Crum’s Expo keynote is titled “The Future of Storytelling.” Meaning? “Well, there’s a lot of different ways that storytelling can change. Let’s use the Tolstoy example: What does it mean to close the loop when you have creative intent? It’s not just bits and pixels. If part of the metadata is capturing the sentiment of a storyline and somewhere in that metadata we know what the intent of an experience is, what do we do in that environment that can modulate the experience someone’s having? How can we leverage that in the transmission of the creative intent?”
Confused? Crum clears it up: “We worked with a director in our cinema and we had tubes on the ground. Those tubes are capturing carbon dioxide. Carbon dioxide’s heavier than air so you can pick up on the real time density of CO2 in the environment. CO2 correlates with changes in emotion and sentiment and feeling of the audience.”
By understanding the correlation between the levels of C02 an audience is expelling and various emotional states – fear, panic, relief – Crum’s work can help a director actually measure the real-time impact of the choices the creator’s made.
The film in question for the CO2 experiment was a rock-climbing documentary about a daredevil named Alex Honnold. “You can look at the traces of CO2 and know where Alex summits, where he abandons his climb, you can see the love story, the interaction happening with his partner in that film, you can identify where he injures himself, just in the traces of CO2. When you start thinking about that, that’s the creative intent, the story, the journey that the creator wants that audience to go on and it’s in the volume, in the chemical composition of the air in that space being shared, being exchanged.”
The Personal Experience
And once we have all the available data – and we’re talking gathering stats well beyond CO2 fluctuations – what can the content creator do with that info? “Those type of signatures we give off are measurable, but they can also be leveraged in different ways; it’s the dynamics of these different signatures that are part of how we interact with our content. So we start thinking, ‘How should my content react? How is that part of my experience?’

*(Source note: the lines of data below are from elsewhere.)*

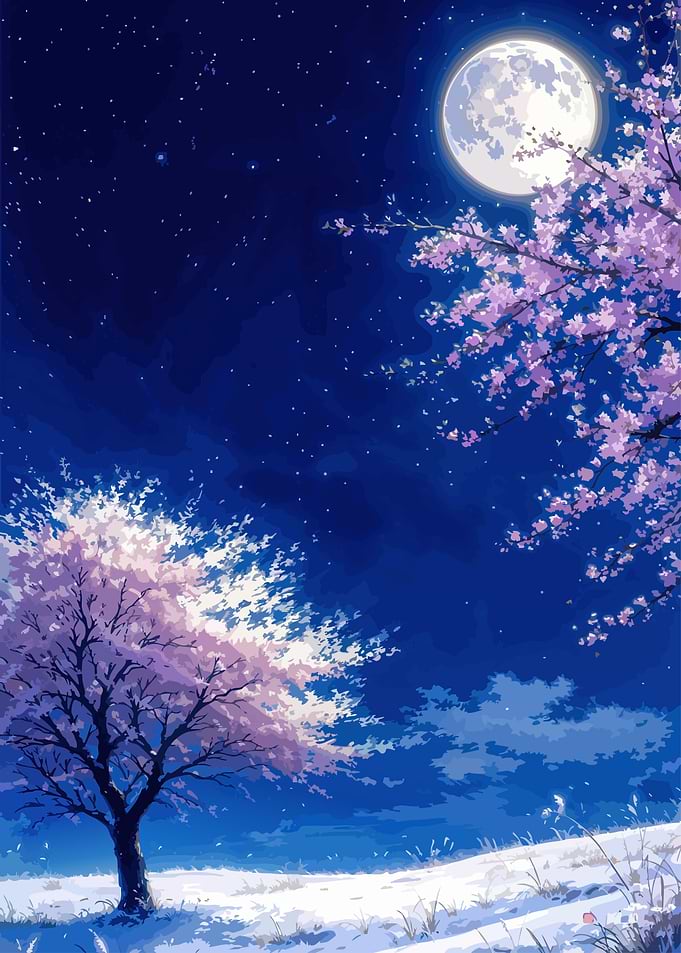 Cherry Blossom Tree Under Full Moon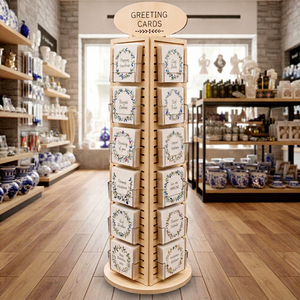 Présentoir rotatif en bois robuste VINO à 6 niveaux, double face, pour cartes de vœux, démontable, installation rapide - Product Image 1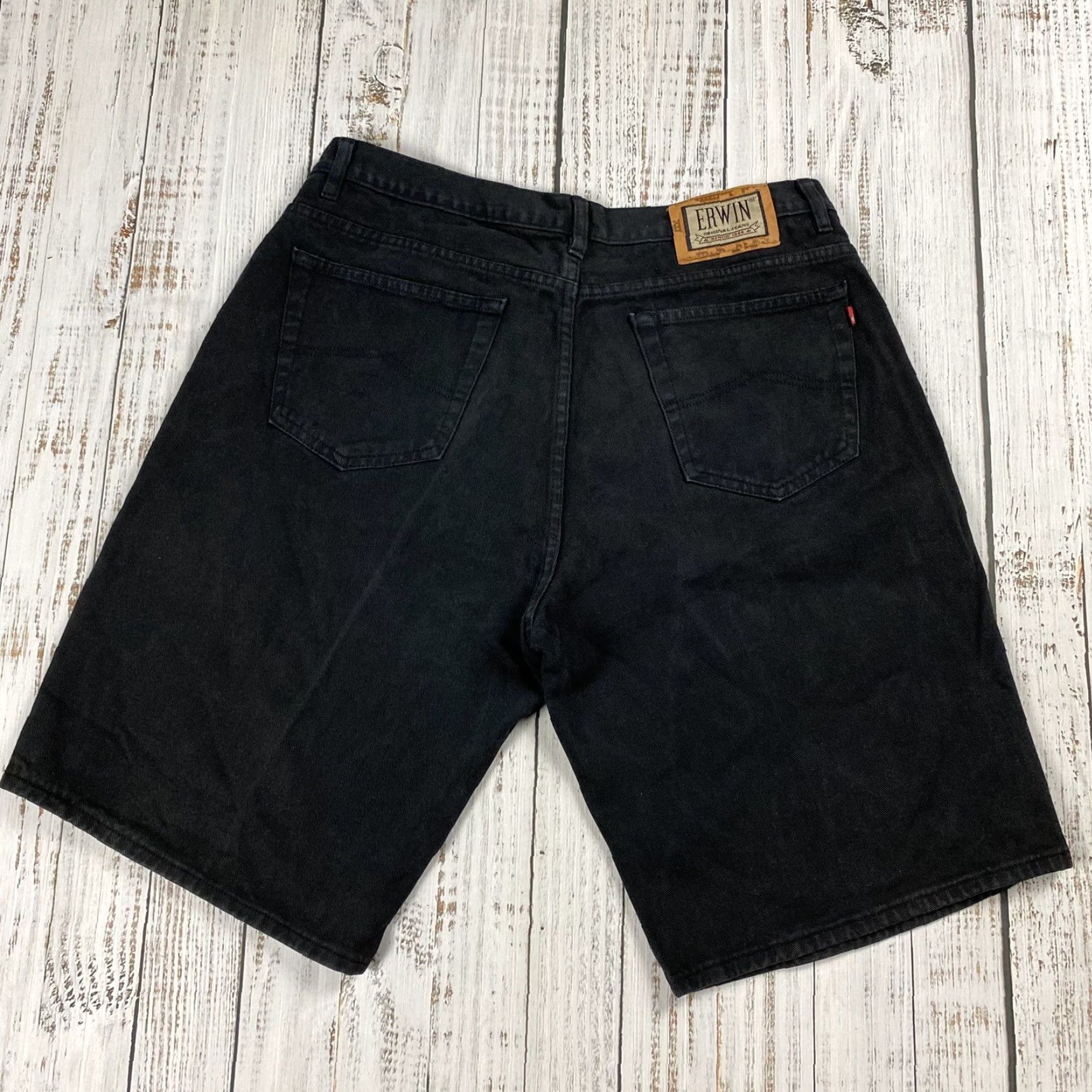 Vintage Vintage Erwin Black Denim Jean Shorts Men’s Baggy Wide Leg Skate Grunge 40 Waist 1990s Size US 40 / EU 56 - 4 Thumbnail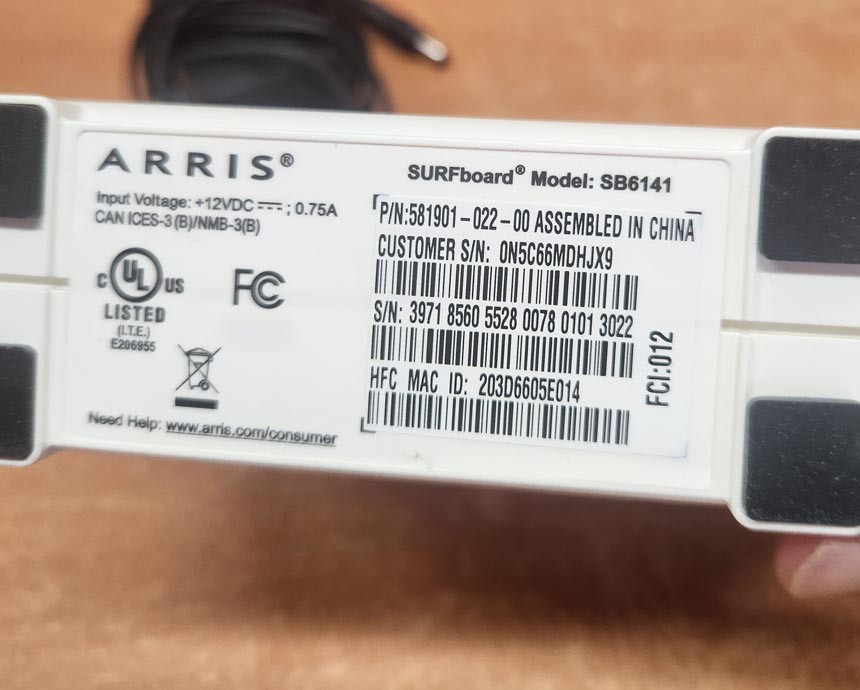 ARRIS Surfboard SB6141 Cable Modem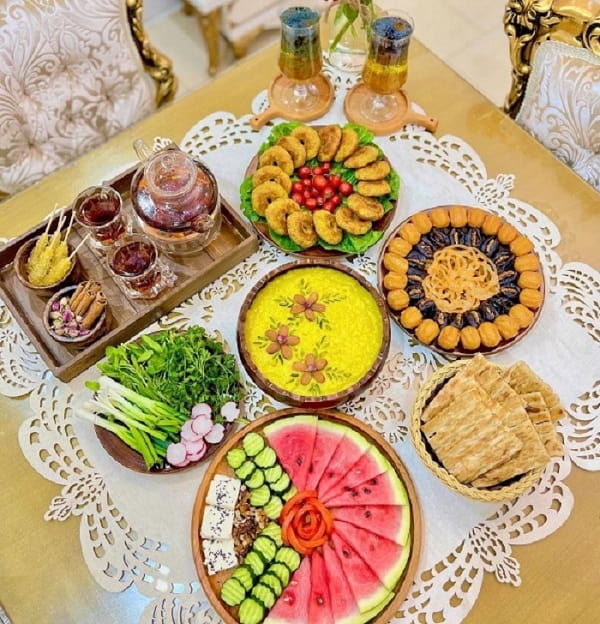 چیدمان سفره افطاری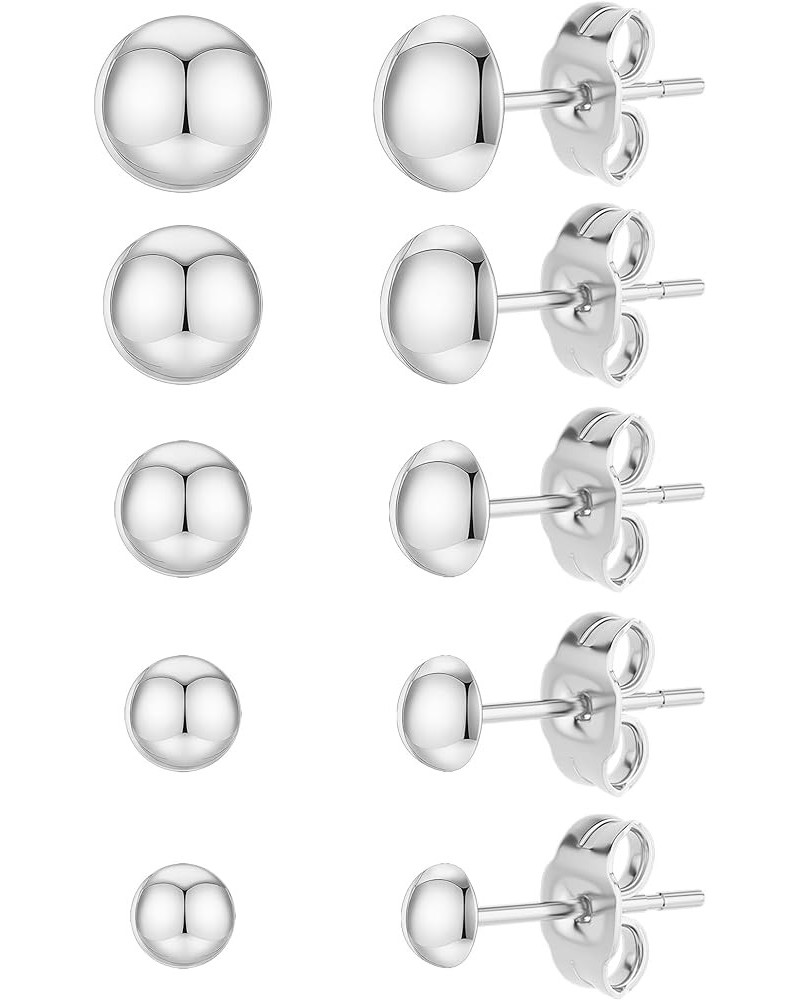 Earrings for Women 5 Pairs Surgical Steel Half Ball Dome Stud Earrings Set Hypoallergenic 316L Cubic Zirconia Heart/Pentagram...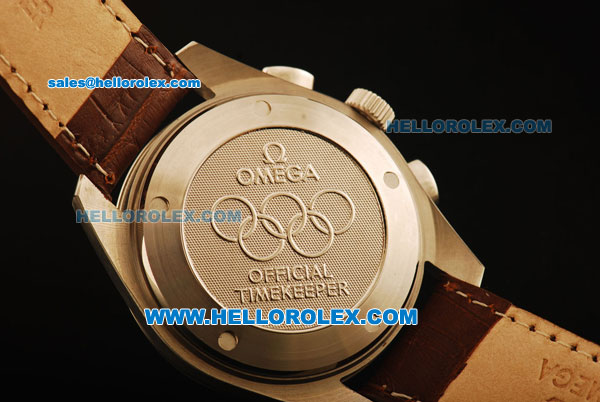 Omega Seamaster Chronograph Miyota Quartz with White Dial and Brown Leather Strap 7750Coating -Sapphire - Click Image to Close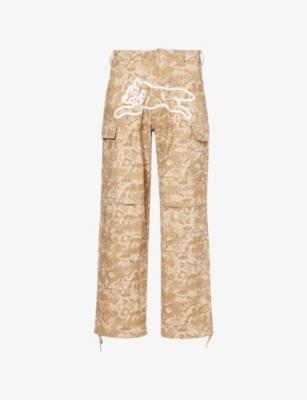 Snakeskin-Pattern Running Dog Cotton Cargo Trousrs by ICECREAM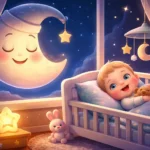 3D animated illustration of a smiling moon watching over a happy baby sleeping peacefully in a cozy nursery at night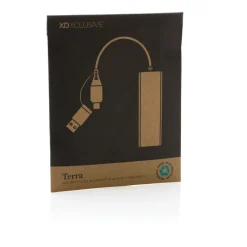 Hub USB 2.0 z USB C, aluminium z recyklingu / Szary P308.682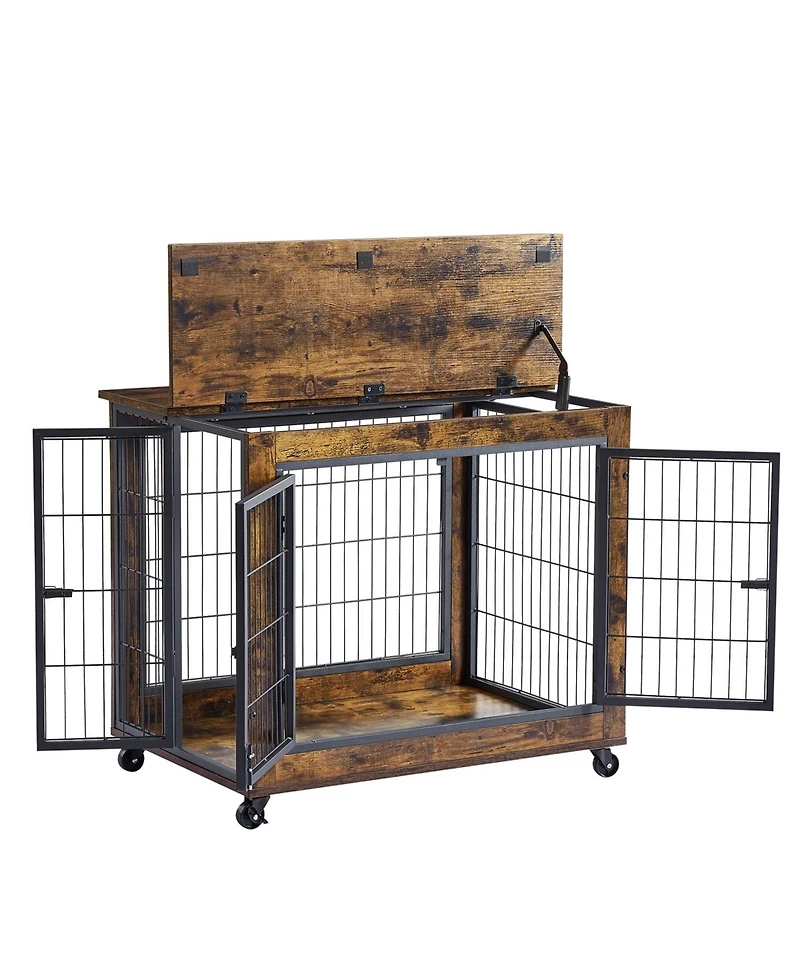 Furniture Style Dog Crate Side Table on Wheels with Double Doors and Lift Top. Rustic Brown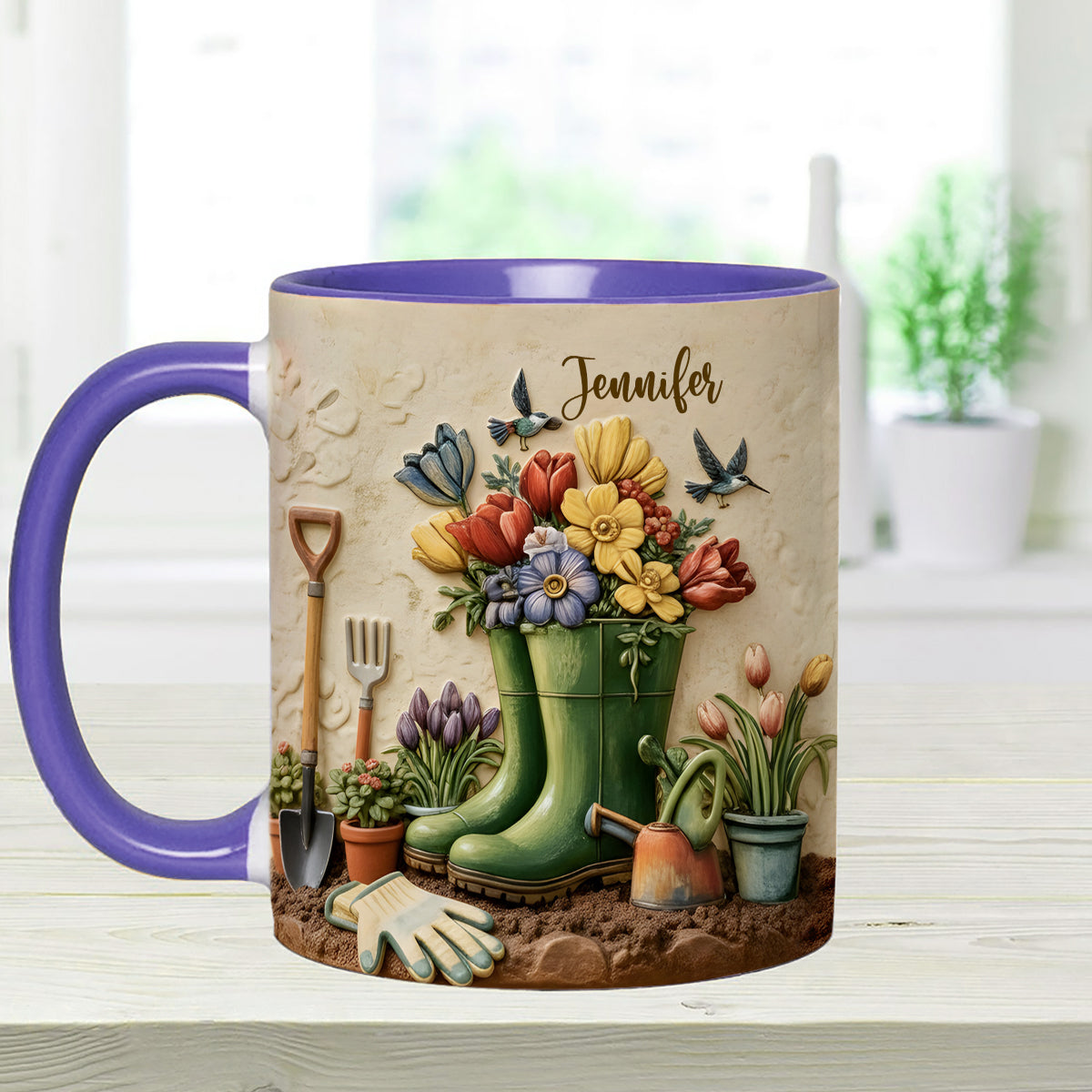 Love Gardening - Personalized Gardening Set Accent Mug with Acrylic Stirrers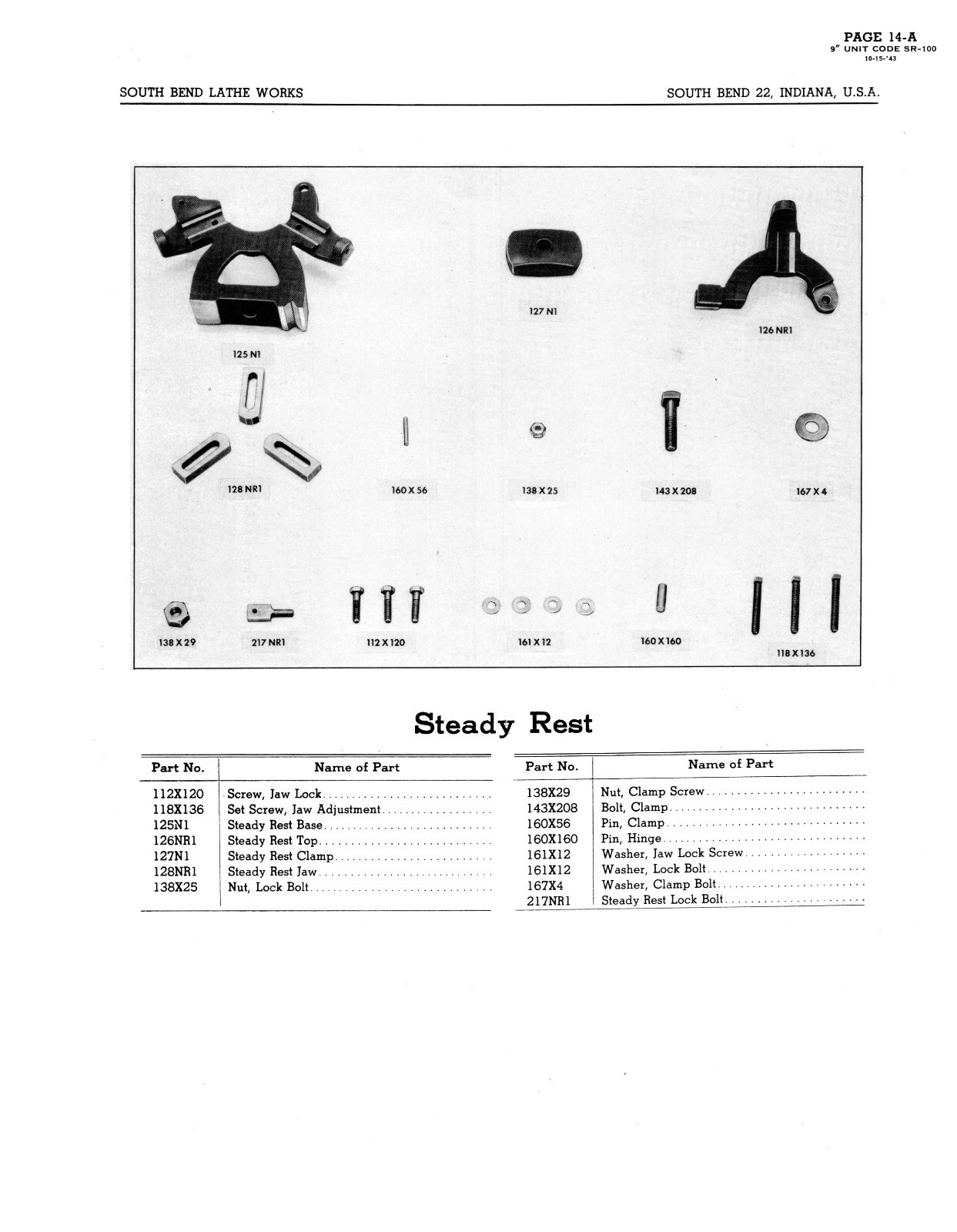 South Bend 9″ Model B Lathe Standard Change Gear lathes Parts Manual #1291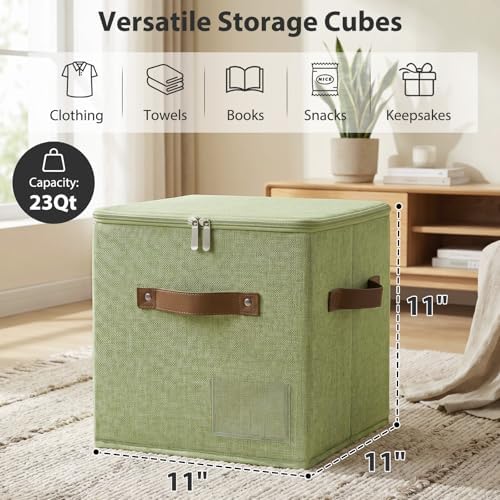 ANMINY 11 Inch Fabric Storage Cubes Bins with Zipper Lid, Green, 4PCS - Image 6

“How do you create a more intimate personalized experience for an individual in a shared environment, in a home theater, in a cinema with audio that is unique to me and in a space where you have a number of people consuming the same content — but in fact need to be consuming slightly different content? Because to have translation of creative intent, we’re all very unique. For example: If I can’t hear dialogue, I’m not experiencing the creative intent of the content solely by trying to read captions, I’m disconnected from it.”
And this will ultimately lead to those “new ways of storytelling” that Crum will dive into during that Expo keynote: “How we bridge that to the individual and shared experiences, how we interact with the human body in a much closer, more intimate way within ambient experiences that are really powerful – experiences you can’t recreate over a pair of headphones — is an important part of what that future looks like. You get new tools, you get new ways of creating content, of interacting with it, of interacting with a human.”
But what will really push the tech to its full potential in this regard isn’t the team at Dolby Labs, according to Crum. “I think whenever we introduce new technologies, it’s a more conservative introduction of that technology and then artists really push the limits of it and figure out new ways to use it that influence the evolution of those technologies in the industry.”
Ed Wenck is the content director at CEDIA.